Categories
Uncategorized

Scala Data Validation Series Part 1- Why You Should Become Familiar With Monads (For Comprehensions) And Either[E, B] For Validating Data

My goal in this first part is very humble, to convince you to stop, for God’s sake, stop throwing exceptions during your data validation in Scala.

I will provide you with friendly incremental examples to make a case that…

Throwing exceptions in Scala is self limiting:

throw new Exception(“kaboom”) # Please never do this

And instead you should embrace the following:

  1. Either[Error, A] as your main transport type for objects in your code
  2. And for comprehensions where you can compose a result.

This blog posting style, again, will be incremental. We will start by presenting a java like example, meaning code will respond to corrupt data by throwing exceptions. Then we will gradually move forward as we add scala features until we reach our goal, to take advantage of the capabilities of scala to produce cleaner scala code with powerful validation techniques.

There will be peaks and valleys of outcomes during this process so get ready for the ride!

I will be presenting scala 3.X code instead of scala 2.X code because I would love this blog to be relevant for at least a couple of years.

We will not be using external libraries. The reason I do this is because the reader should be aware that most scala shops are very opinionated on the types of libraries they use. Don’t be surprised if you land a job where you are not allowed to use cats, or ZIO or any library that uses macros.

There are multiple files that support this posting available in repo https://github.com/scala-blog/validation-part1/tree/v1.

Step 1: Throwing Exceptions All Over Town

File Example1JavaLikeValidation.scala summarizes how I often validated data with Java. We had validate() procedures that would either throw exceptions or just move on. If you look at the actual file, you will see all validate(*) methods throw exceptions when something is wrong.

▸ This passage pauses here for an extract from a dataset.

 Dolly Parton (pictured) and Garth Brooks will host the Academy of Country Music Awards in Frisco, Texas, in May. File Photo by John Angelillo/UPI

Here is a snippet from where we do validations very much like we do in java from file Example1JavaLikeValidation.scala:

val goodEmail: String = "mrme@xmail.com"
val goodSSN: String = "111-11-2345"
val goodAge: String = "49"

validateEmail(goodEmail)
validateSSN(goodSSN)
validateAge(goodAge)

val goodResult: String =  f"email: ${goodEmail}, ssn: ${goodSSN}, age $goodAge}"

val badAge = "old"
val badSSN = "abc-22-2212"

validateAge(badAge)
validateSSN(badSSN)

val badResult: String =  f"email: ${goodEmail}, ssn: ${badSSN}, age $badAge}"

println(badResult)
println(goodResult)

Here are some issues I see with the code above:

  1. We will not be able to see the output of command println(goodResult) due to an exception thrown lines above. We can salvage this situation by adding a few try-catch, thus making the business logic much harder to understand.
  2. We will not know if badSSN was actually a bad SSN since we already threw an exception where we have validateAge(badAge) . What if we want to find a way to track all the times we had bad SSNs? We again, will have to rely on a series of try-catches and again, that would make the business logic harder to understand.
  3. Even when we validated all the fields, we are still dealing with strings. How do we know for a fact that string goodSSN is actually a social security number, or goodAge is actually a person’s age, or goodEmail is actually an email? This issue can become conflictive if the developer validating the fields is not the same as the developer putting together the business logic.
  4. We don’t know if an exception will be thrown after all validate(*) methods are completed. Sure in, in my simple example, it can be easy to tell. But complex code could fail anywhere. Can we handle unexpected exceptions in a better more “expected” way?
  5. Much of the validation process involves parsing data. Why not reuse much of this code to build actual data types for age, ssn and email to make our code safer?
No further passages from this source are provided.